As receitas fiscais totalizaram 1.224,80 mil milhões de kwanzas, no II Trimestre, um aumento de 17,54% e 67,08% em termos trimestrais e homólogos, respectivamente. As receitas petrolíferas se situaram em Kz 751,97 mil milhões (61,40% das receitas fiscais), resultado de um aumento em termos trimestrais e homólogos de 9,35% e de 90,80%, respectivamente.
De acordo com o relatório do segundo trimestre deste ano do Banco Nacional de Angola, este crescimento é resultante do bom desempenho do preço médio do petróleo no mercado internacional e da depreciação do kwanza face ao dólar norte-americano.
A receita não petrolífera tem reduzido a sua contribuição nas receitas fiscais ao representar 38,60% do seu total contra 46,24% no mesmo período do ano passado. No período em análise, esta rúbrica atingiu o montante de Kz 472,82 mil milhões, tendo registado aumentos de 33,41% e de 39,49% em termos trimestrais e homólogos, respectivamente.
Tendo em conta o nível da contracção da base monetária que se reflectiu na redução substancial da liquidez no sistema, o BNA resolveu reduzir a taxa de juro directora de 20% para 18% e reduzir o coeficiente de Reservas Obrigatórias em moeda nacional de 21% para 19% para dar folga aos bancos comerciais e ao mesmo dinamizar o mercado interbancário.
Relativamente às condições de financiamento no sector bancário, realça-se que as taxas de juro praticadas nas operações activas de crédito ao sector empresarial, em Moeda Nacional, registaram reduções em todas as maturidades, excepto para a maturidade de 181 dias a 1 ano, que apresentou uma subida de 0,60 pontos percentuais (p.p). Destaca-se a taxa de maturidade de até 180 dias que reduziu 2,26 pontos percentuais (p.p). Em termos homólogos, as taxas de juro de empréstimos em moeda nacional, praticadas para o sector empresarial, registaram aumentos nas maturidades de até 180 dias, 181 dias a 1 ano e mais de um ano de 6,64 p.p., 6,73 p.p. e 4,69 p.p., respectivamente.
Por seu turno, as taxas de juro praticadas nas operações activas a particulares em Moeda Nacional registaram aumentos em todas as maturidades, excepto para a maturidade de mais de um ano, que apresentou uma redução de 0,21p.p. Destaque para a maturidade de até 180 dias, cujo aumento foi de 3,96 p.p. Em termos homólogos, as taxas de juro de empréstimos em Moeda Nacional praticadas para os particulares registaram aumentos nas maturidades de até 180 dias, 181 dias a 1 ano e mais de um ano em 1,81 p.p., 3,17 p.p. e 4,24 p.p., respectivamente.
Em termos acumulados no segundo trimestre de 2018, o BNA vendeu USD 4.156,46 milhões, contra USD 2.739.16 milhões no trimestre anterior.

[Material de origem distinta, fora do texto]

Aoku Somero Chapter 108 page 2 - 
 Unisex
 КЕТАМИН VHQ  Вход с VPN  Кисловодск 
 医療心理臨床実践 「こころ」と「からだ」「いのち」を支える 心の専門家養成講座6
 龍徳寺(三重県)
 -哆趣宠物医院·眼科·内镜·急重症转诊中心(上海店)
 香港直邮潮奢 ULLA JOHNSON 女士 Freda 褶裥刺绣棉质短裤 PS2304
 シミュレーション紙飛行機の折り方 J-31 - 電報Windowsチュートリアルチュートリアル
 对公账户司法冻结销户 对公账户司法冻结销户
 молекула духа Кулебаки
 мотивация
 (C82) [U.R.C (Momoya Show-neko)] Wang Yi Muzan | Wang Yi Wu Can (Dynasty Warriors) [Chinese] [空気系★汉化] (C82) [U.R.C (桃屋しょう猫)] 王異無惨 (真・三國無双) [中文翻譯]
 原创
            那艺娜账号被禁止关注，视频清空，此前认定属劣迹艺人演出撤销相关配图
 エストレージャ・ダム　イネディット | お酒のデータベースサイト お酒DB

Do total dessas vendas, cerca de 4,41% foram alocados ao sector dos bens alimentares, 14,95% para leilões de diversos sectores, 4,68% para viagens, ajuda familiar e saúde.
O relatório do banco central avança, também, que os bancos comerciais adquiriram USD 362,11 milhões aos seus clientes, representando um aumento de 24,11% contra 291,77 milhões no trimestre anterior. Em termos totais, o montante de divisas vendidas aos bancos foi de 4.156,46 milhões, registando um aumento de 51,74% em relação ao primeiro trimestre de 2018. O grau de execução das divisas vendidas aos bancos comerciais fixou-se em 62,94% no segundo trimestre de 2018, o que resulta numa execução de USD 2.615,98 milhões, dos quais 52,14% foram destinados às operações de invisíveis, 45,16% às operações de mercadorias e 2,70% às operações de capitais.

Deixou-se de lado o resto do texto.